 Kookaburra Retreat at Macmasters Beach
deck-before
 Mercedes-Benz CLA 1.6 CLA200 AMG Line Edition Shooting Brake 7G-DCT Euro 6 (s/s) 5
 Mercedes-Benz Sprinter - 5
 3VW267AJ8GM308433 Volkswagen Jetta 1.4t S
* * *
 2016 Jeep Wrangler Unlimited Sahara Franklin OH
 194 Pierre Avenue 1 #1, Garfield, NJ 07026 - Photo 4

• WHAT TO WORK ON: What is needed is a verbatim copy of every line in the records above from the one containing "Mercedes-Benz CLA 1.6" down to the one containing "3VW267AJ8GM308433 Volkswagen Jetta 1.4t S", both included, and nothing more.

• COMPLETED TASK:
 Mercedes-Benz CLA 1.6 CLA200 AMG Line Edition Shooting Brake 7G-DCT Euro 6 (s/s) 5
 Mercedes-Benz Sprinter - 5
 3VW267AJ8GM308433 Volkswagen Jetta 1.4t S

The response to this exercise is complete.